Up til now I've basically relied on the loose metaphor that Saitama is Tokyo's New Jersey, and have said a few things about how it's very anonymity and lack of local distinguishing color makes it feel like one of the most thoroughly Japanese of all places I've been to.

Obviously every place in Japan is Japanese by definition, but it's a loose thing, this Japaneseness, more of a modern invention of mass communication than anything else. Just a hundred years ago the country was awash in impenetrable local dialects and regional customs. One of the classic examples is natto, fermented soybeans coated in this sticky goo, mixed with some sauce and mustard, usually eaten over rice. It also stinks to high heaven, like the smelliest cheese you could never actually bear to bring to your mouth. While people in Eastern Japan (including Tokyo) eat this stuff for breakfast, it's only just barely starting to be sold in the Kansai area (Kyoto, Osaka, Kobe).

In anycase, Saitama seemed distinct by its very lack of character. It is a prefecture of people who came from somewhere else, from cold little hamlets and one horse towns, coming to the big city, ending up in Saitama where the rents are lower and the groceries cheaper. In my two years here almost comes from some little town I've never heard of, or they have grandparents whose speech they can't understand. Uprooted from their hometowns and transplanted to the rough Kanto soil makes for a lot of lost souls. It's a pet theory of mine that the idea of a national Japanese identity only came into being with the massive move to the cities, and the advent of television.

At any rate, Saitama is concurrent in many people's minds to Japan at it's most bland and characterless. Saitama's nickname is "Dasaitama". Dasai is an adjective reserved for the likes of mullets, Pauly Shore movies and New Jersey. But with a prefectural population topping seven million, that is a lot of people to be calling lame, and something resembling local pride is starting to crop up.

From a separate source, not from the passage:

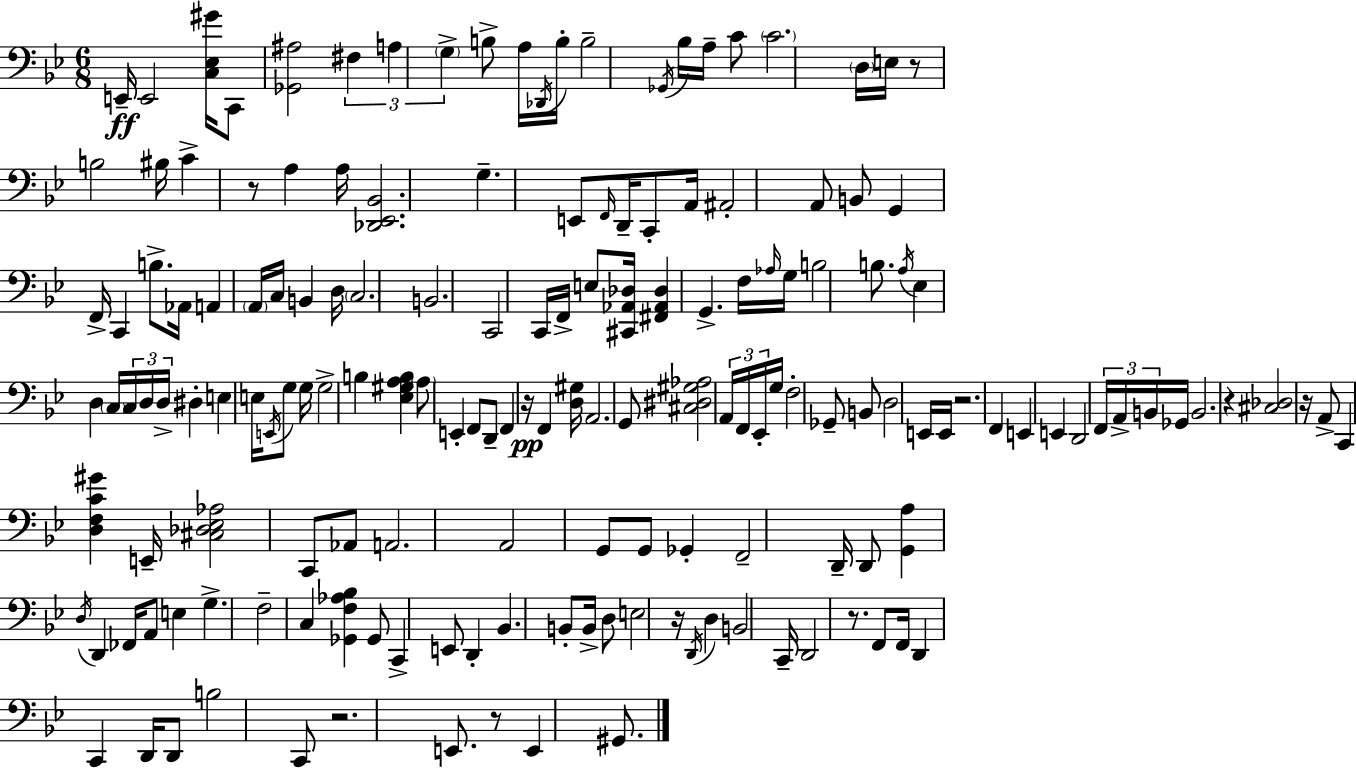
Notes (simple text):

It's remarkable how America exports both the image of "normal" modern life and the modern images of rebellion to other countries. Following this odd phenomenon, hip-hop is absolutely huge in urban Saitama. Although the bulk of hip-hop in Japan, like in the US is about cool cars, cool clothes and booty dancing honeys, the strain of hip-hop that pumps local pride and the empowerment from local hip-hop scenes has survived the trans-Pacific journey. It seems to cling fastest to those places blighted worst by urban development, the liminal gray zones of apartment blocks and corner factories. In my old neighborhood in Western Saitama the quiet train station was often overtaken by scores of hip-hop kids who brought in boom boxes and practiced breakdancing moves with their friends. They would use the broad windows as mirrors to check their moves. I never saw anything resembling a 40, and you better believe most of these kids had never even smelled a blunt.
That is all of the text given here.